In a statement to CNN on Thursday, an official of the US Department of Defense did not explicitly say if the withdrawal was on the right track.

“The cessation of hostilities commitments which entered into force on November 27, 2024 indicates that the withdrawal of the FDI from the southern region of Litani should be accomplished in 60 days,” said the official. “This chronology has been set to try to generate a speed of action and progress. And progress has been made. »»

“The Lebanese armed forces have shown that they had the commitment, the will and the ability to carry out the arrangement,” added the official.

According to the November agreement, Israeli and Hezbollah forces must withdraw from southern Lebanon by January 26, The end of this 60 -day period.

An Israeli official who described Israel’s request in the United States said ISRAEL had asked for an extension of 30 days and said that it would re-evaluate the viability of withdrawal from southern Lebanon at the end of this extension. The official said that all the outposts that Israel had asked to maintain are alongside the Israeli-Léban border.

The Lebanese soldiers and the United Nations peacekeepers will be the only forces authorized in southern Lebanon. Hezbollah is due to draw its forces north of the Litani river in Lebanon – a border beyond which the militant group was not supposed to have progressed under a resolution of the United Nations Security Council of 2006.

“This is not yet the case,” said Israeli government spokesman David Mencer, about the withdrawal of Hezbollah and the deployment of Lebanese soldiers during a briefing on Thursday. “There is movement, but it does not move fast enough.”

Hezbollah warned Thursday that an Israeli violation of the agreement would force the Lebanese state “to face it by all the means available to it by international treaties in order to recover the land and to tear it away from the occupation claws. ”

There have been speculation in Israel for some time that the government would seek to change the terms of its ceasefire with Hezbollah once Trump has taken office.

The exact situation in southern Lebanon is decidedly opaque.
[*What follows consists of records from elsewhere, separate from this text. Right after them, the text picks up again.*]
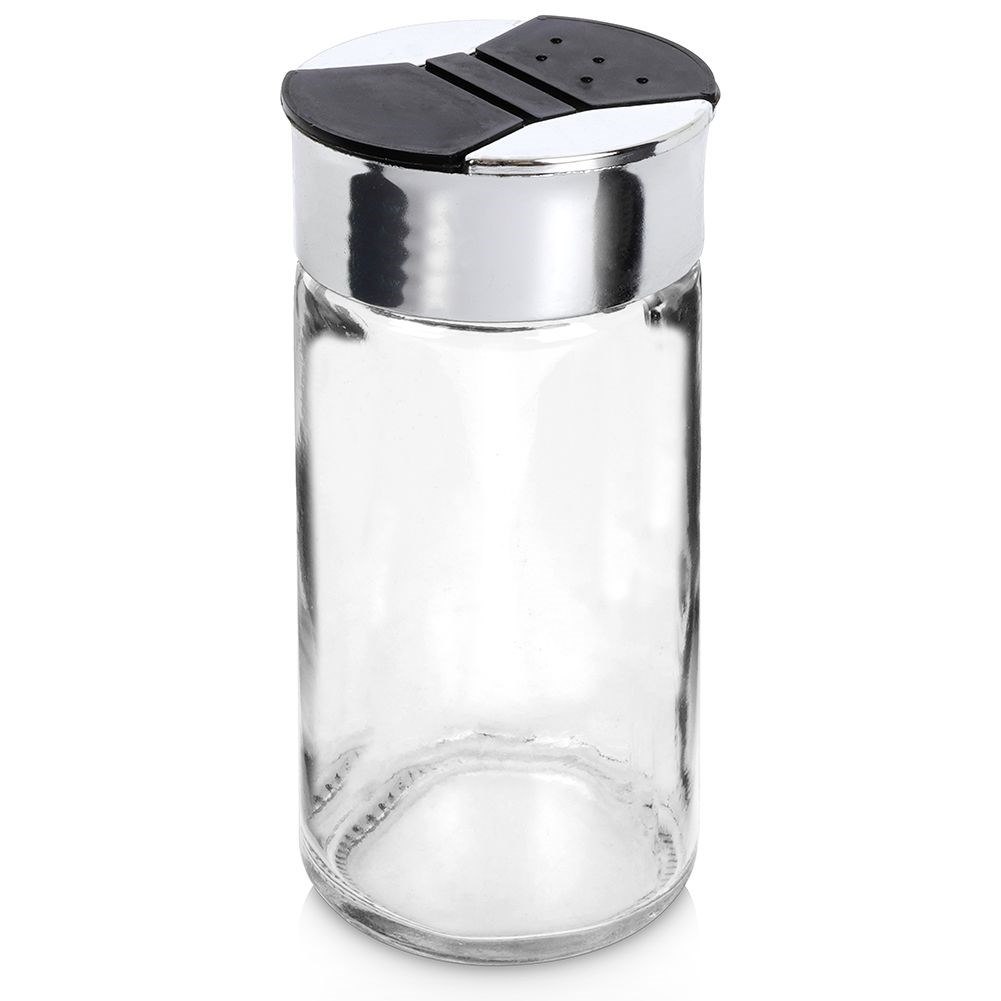 Pojemnik Szklany na Przyprawy Sitko 100 ml ORION z Klapkami 10 x 4 cm - obrazek 5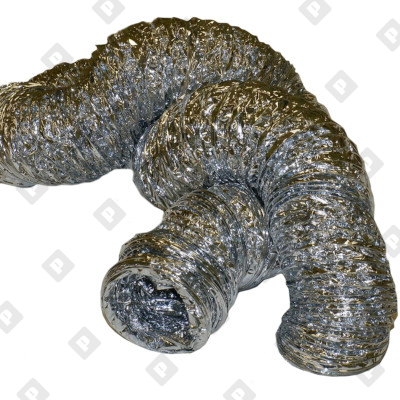 Гибкий воздуховод неизолированный двухслойный Ø315 мм, металлизированная пленка - №1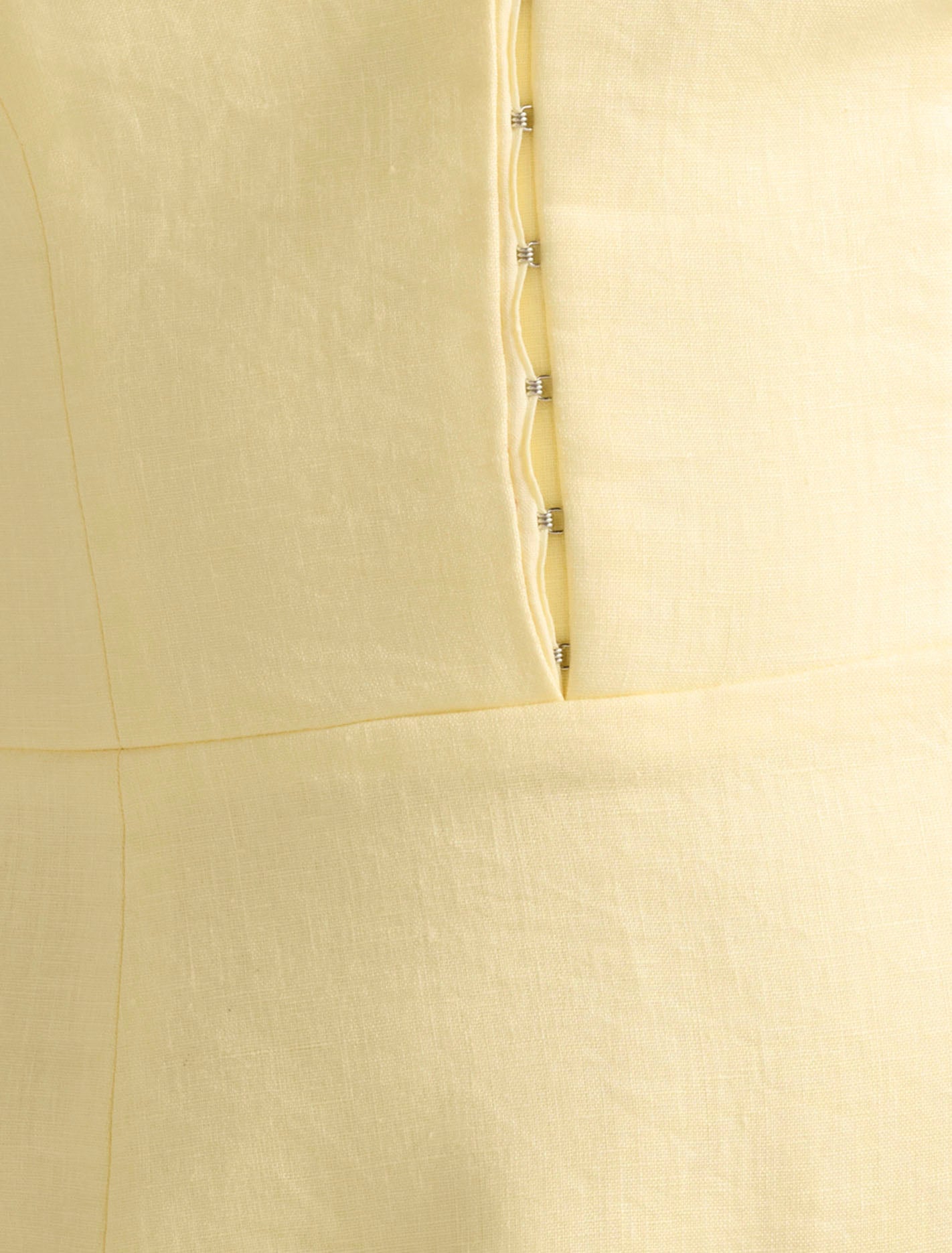 Ricki Linen Halter Mini Dress Spring Daffodil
The Israeli army has spent in recent months of ceasefire, feverishly destroying the weapons of Hezbollah and military infrastructure and leveling several Lebanese villages near the border. The military posture of Hezbollah is not clear.

The clearest image was painted by the American army, which with the French government and the United Nations monitors the ceasefire.

US major-general Jasper Jeffers, who heads the American effort, said after a trip to southern Lebanon last week that “Lebanese control points and patrols were running effectively throughout southwest Lebanon”. He said that the belligerents were “on a very positive path to continue withdrawing the FDI as planned”.

Earlier this month, Lebanon Parliament elected Joseph Aoun, supported by the United States and former military chief, as president. He ended more than two years of dead end which had led to a presidential void. The election was caused by a solid Saudi effort to reach the necessary support for Aoun.

In his speech of acceptance, considered a plan for a six -year term, Aoun has sworn to monopolize weapons under the mandate of the State. It was an overwhelming promise, marking a clear break with unwritten politics old decades to preserve the militant wing of Hezbollah which was de facto responsible for facing the Israeli forces.

American optimism on the ceasefire is not shared by many civilians from northern Israel, who have been slow to return to the communities emptied by the war. Residents of Kiryat Shmona should demonstrate against the Israeli withdrawal from Lebanon on Sunday.

“Most communities are still empty,” Sarit Zehavi, who heads the Alma, research and education center, specializing in security issues in northern Israel. “People want to come back.”

There is a general fear in northern Israel, she said, that military withdrawal will give Hezbollah carte blanche to deploy near the border of Israel, under the nose of the Lebanese army.

“The Lebanese army is far from disarming Hezbollah,” she said. “We are very worried about what will happen if the FDI retires completely and the application of the FDI will stop, because we do not see the Lebanese army doing anything.”